Comfort and joy
That may be the secret to a good life…always having something important to do.
And if it doesn’t seem important, head fake yourself into thinking it is.
Find activities where you become engaged enough to lose track of time.
We writers know, when we’re deep in the process of putting the words together, time flies effortlessly and enjoyably.
Don’t underestimate the mundane
Having been married to a Portuguese and a Philippino woman I can tell you every culture has a word for those who can’t sit still.
In the United States, we call it hyperactivity or attention deficit disorder. In Tagalog, they say, “kati kati” meaning scratchy or itchy. Europeans sometimes call it hyperkinetic disorder’ (HKD).
Without delving too deep scientifically or psychologically, at least half my biological family and thus my genetic roots have what I’ll call, “can’t sit still syndrome (CSSS).
CSSS is not harmful or fatal. It simply means life has no meaning unless you’re buying a new pair of socks, underwear, towels, sheets, or pillows….and then returning them when they're cheaper at another store.
Or, alphabetizing your DVD collection which will collect dust until the second you die when your children will instantly throw them away.
Bored? Go out and buy some dental floss, or replace that can opener that never quite slices all the way through the metal top. Color coordinate your clothes.
One peculiar side effect of CSSS is an inability to throw away any food item — refrigerated or dry — ever. Minimal snooping reveals boxes of Saltine crackers from 1998, containers of mayonnaise, ketchup, and mustard expired during the Carter administration, vitamins endorsed by Nadia Comaneci and Mark Spitz.
Welcome to the mind of someone with CSSS
It’s 7 am on a Saturday. Most folks in your time zone are dead asleep.
As you open your eyes, you realize there is no earthly reason to wake up with any kind of mission or purpose in your life.
You’re not rich but have enough money to pay the bills. There’s always chores, but nothing urgent. The house is pretty clean, the kids are hibernating through the day like stoned polar bears, and there is absolutely no reason to do anything at all.
Yet, you jump out of bed with the urgency of a surgeon on their way to save someone's life.
By 7:23 am, you are bathed, coiffed, nicely dressed, and start your car on an initial road to nowhere.
In my experience, hyperactive folks have an active imagination and are wonderful dreamers. We can drive around fancy neighborhoods and imagine we live there — butler, third wife, and all.
The internal mind game
For those with CSSS, only three things matter — eating, shopping, and fantasizing.
Our lives revolve around finding ways to kill time long enough to get us to our next meal.
And we celebrate every meal like it’s the last supper.
Stuffed from an enormous lunch?

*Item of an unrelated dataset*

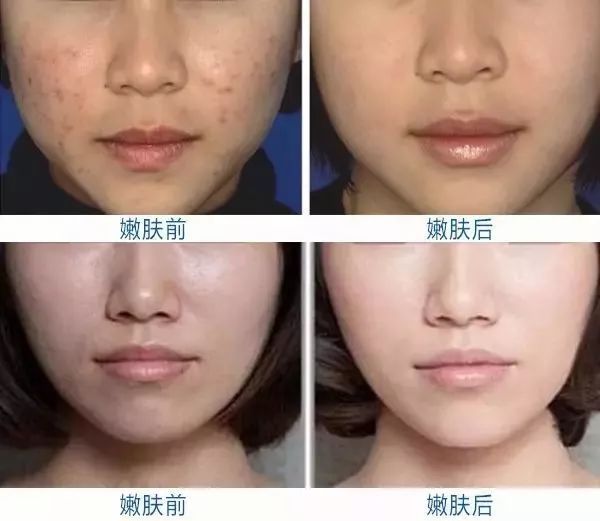 光子中微子区别,光子opt和mtt的区别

You can either sit on your sofa and obsess about dinner or get your ass to Walgreens and buy those 9-volt batteries, overpriced dental floss, or amazing $1 boxes of Goobers and Raisinets that you would normally pay $5 for in the movie theatre.

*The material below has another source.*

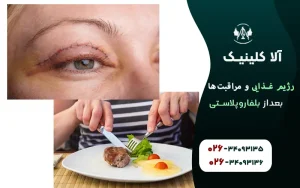 رژیم غذایی و مراقبتهای بعد از بلفاروپلاستی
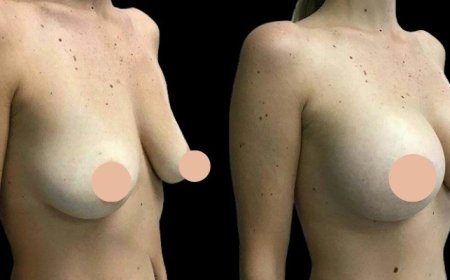 Breast Augmentation in Dubai: What Makes It a Global Cosmetic Hub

Then go to the mall to window shop and maybe buy a new pair of sneakers or a cool t-shirt.
That’ll getcha you to about 4 pm….so, you stop at the car wash, get a quickie oil change, and spend a half-hour teaching your elderly friend how to stop group texting their proctology results to their colleagues.
Dinner
It’s now 5:30 pm and it’s time to figure out what to do for dinner.

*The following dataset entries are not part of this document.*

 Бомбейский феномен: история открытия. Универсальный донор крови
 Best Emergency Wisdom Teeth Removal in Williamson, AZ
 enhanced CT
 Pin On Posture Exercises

For someone with CSSS, dinner, is an event of such magnitude, other than the time a drunk girl called me Brad Pitt and did things I thought physically impossible, there is no greater pleasure.
The first thought is broad and ambitious — perhaps a fancy steakhouse, or gourmet Chinese, or sushi with raw tuna so fresh it melts in your mouth.
Maybe something decadent like pizza, wings, spaghetti, and beer, or a double bacon cheeseburger with crispy fries and a soda.
Part of you has an approach-avoidance conflict, knowing after you eat dinner you won’t be able to eat again for over 12 hours.
When you arrive at the restaurant to meet your friends, you feel like a 7-year-old entering the Magic Kingdom for the first time — practically giddy with euphoria. You smile widely and joke with the hostess.
Summary
If you’re the type who feels there’s no place like home and would never leave it if you didn’t have to, I salute you. I’m getting there, but my CSSS sometimes kicks in.
I’ve learned not to just randomly buy things I don’t need. I keep my shoes, socks, and underwear until they fall apart but I do spend entirely too much on dental floss and candy.
I sometimes fantasize about getting up on the weekends and feeding the needy or starting a fun business or running for political office, but my CSSS pulls me in too many directions.
So, I’ll do what other like-minded people who just can’t sit still do — pretend life is more than just getting to the next meal.
There’s more to life than sleeping and eating — there are important things to get done.
Remember, he who makes the most unnecessary trips to Walgreens, Marshalls, and the dry cleaners wins…I think it’s in the old testament.